Causation and Harm In a Multicomponent World
On September 17, 2015, the Federal Circuit issued another decision in the epic Apple v. Samsung smartphone war. This was the fourth court decision in the ongoing saga to deal with injunctions. Apple IV explained the level of proof necessary to satisfy the "causal nexus" requirement. This requirement had emerged as a response to patent litigations involving products with thousands of features, the vast majority of which are unrelated to the asserted patent. To prove a causal nexus, patentees seeking an injunction have to do more than just show that the infringing product caused the patentee irreparable harm. The harm must be specifically attributable to the infringing feature. In Apple IV, the Federal Circuit noted that proving causation was "nearly impossible" in these multicomponent cases. So it decided to water down the causal nexus requirement saying that it was enough for Apple to show that the infringing features were "important" and customer sought these particular features.
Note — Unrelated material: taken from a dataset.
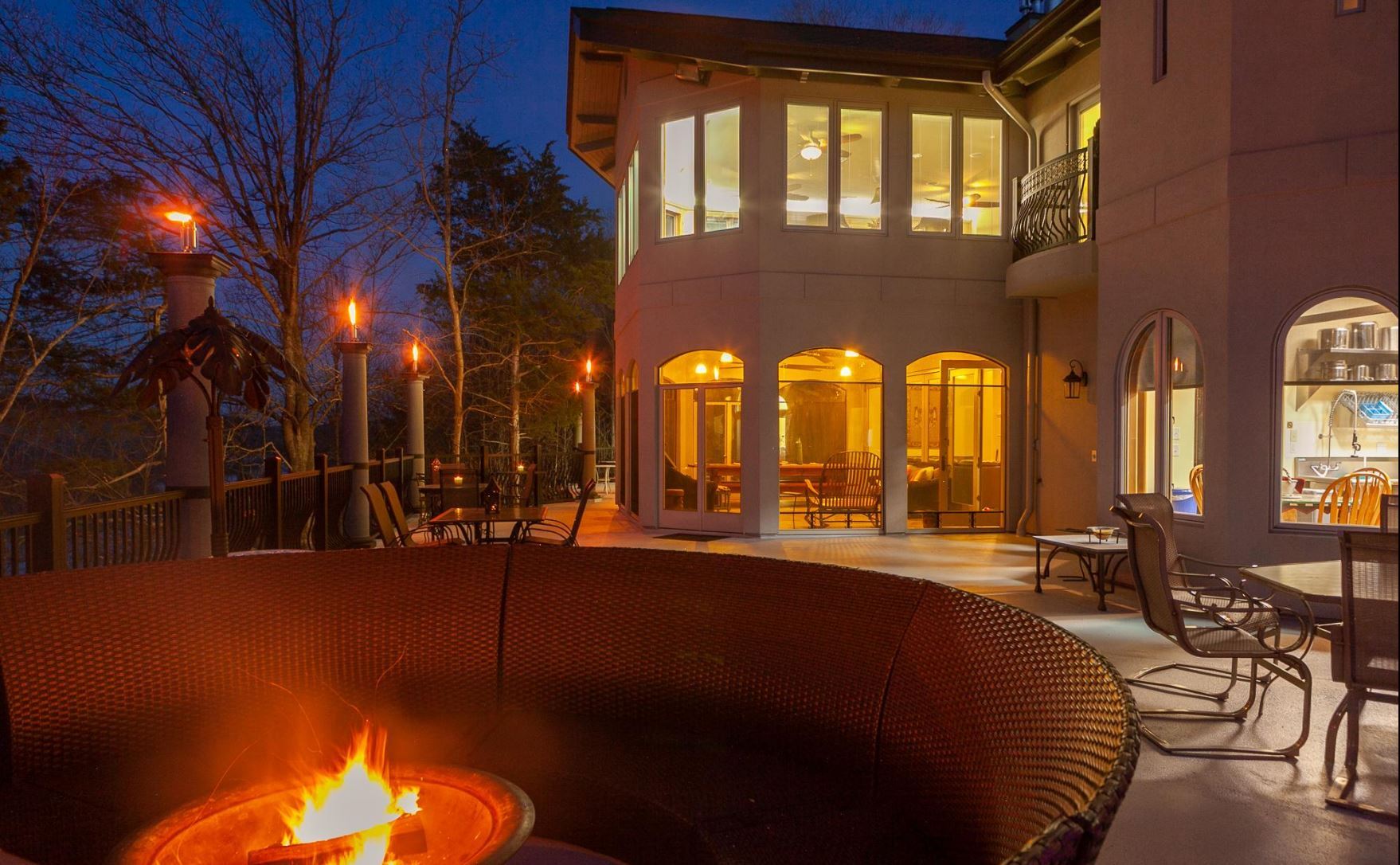 200 Meander Way, Shepherdstown, WV 25443 Specialty for Sale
This lower standard is an ill-advised mistake that leaves multicomponent product manufacturers more susceptible to patent holdup. My critique takes two parts. First, I argue that a single infringing feature rarely, if ever, "causes" consumers to buy the infringer’s multicomponent products. The minor features at issue in Apple IV illustrate this point vividly. Thus, the new causal nexus standard does not accurately reflect how causation and harm operate in a multicomponent world. Second, I explain why the court was so willing to accept such little evidence of real injury. It improperly applied notions of traditional property law to patents. Specifically, the court viewed patent infringement as harmful regardless of any concrete consequences. This view may resonate for other forms of property where an owner's rights are paramount and a trespass is considered offensive in and of itself. But the same concepts do not apply to patent law where the Supreme Court has consistently said that private interests must take a back seat to the public good. Based on these principles, the courts should restore the "causal nexus" requirement and not presume causation.